1,2. On interior silence; its reason; God recommends it.

3. Exterior silence, retirement and recollection contribute to it.

“The Lord is in his holy temple; let all the earth keep silence before him.” (Hab. ii. 20.) The reason why inward silence is so indispensable, is, because the Word is essential and eternal, and necessarily requires dispositions in the soul in some degree correspondent to His nature, as a capacity for the reception of Himself. Hearing is a sense formed to receive sounds, and is rather passive than active, admitting, but not communicating sensation; and if we would hear, we must lend the ear for that purpose. Christ, the eternal Word, who must be communicated to the soul to give it new life, requires the most intense attention to his voice, when He would speak within us.
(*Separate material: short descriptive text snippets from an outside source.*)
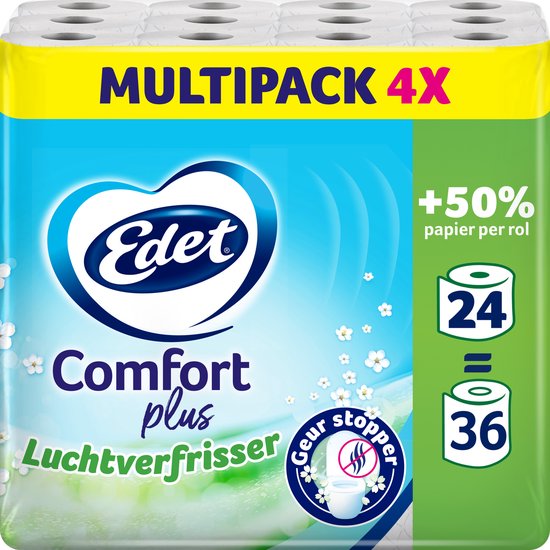 Edet Comfort Plus Toiletpapier met luchtverfrisser - 3 laags - 24 maxi rollen
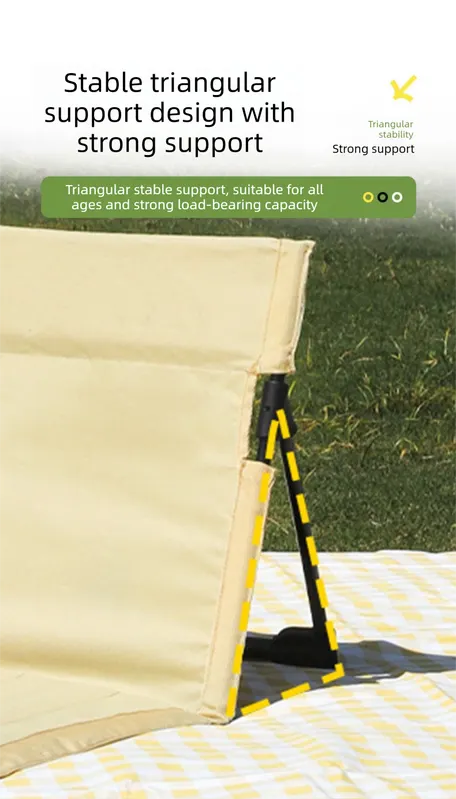 Portable Folding Beach Ground Chair with Back Support Yellow Striped Lightweight Padded Mat for Camping Picnics Festivals - Standard Model - Image 4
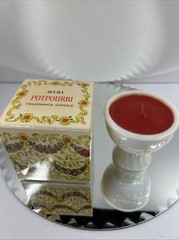 Vintage Avon Potpourri Holiday Fragrance Candle New Old Stock Milk Glass Rare
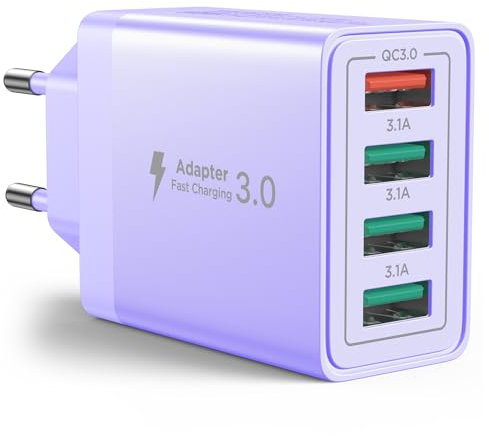 Caricatore USB, 4 Porte Caricatore USB da Muro 40W QC 3.0 Carica Rapida Caricabatterie Usb Multiplo Alimentatore Presa USb per iPhone 15 14 13 12 11 X, Samsung Galaxy S21 S20 A71 A51, Xiaomi, Huawei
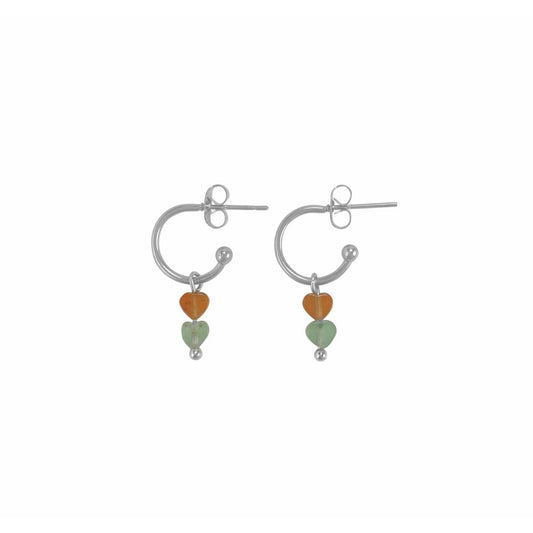 Pendientes Natural Beauty &amp; Sweetheart con corazones de aventurina - Plata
2. Hence it is so frequently enjoined upon us in sacred writ, to listen and be attentive to the voice of God; I quote a few of the numerous exhortations to this effect: “Hearken unto me, my people, and give ear unto me, O my nation!” (Isa. li. 4,) and again “Hear me, all ye whom I carry in my bosom, and bear within my bowels:” (Isa. xlvi. 3,) and further by the Psalmist, “Hearken, O daughter! and consider, and incline thine ear; forget also thine own people, and thy father’s house; so shall the king greatly desire thy beauty.” (Ps. xlv. 10,11.)

We must forget ourselves, and all self-interest, and listen and be attentive to God; these two simple actions, or rather passive dispositions, produce the love of that beauty, which He himself communicates.

3. Outward silence is very requisite for the cultivation and improvement of inward; and, indeed, it is impossible we should become truly interior, without loving silence and retirement. God saith by the mouth of his prophet, “I will lead her into solitude, and there will I speak to her heart (Hos. ii. 14, vulg.); and unquestionably the being internally engaged with God is wholly incompatible with being externally busied about a thousand trifles.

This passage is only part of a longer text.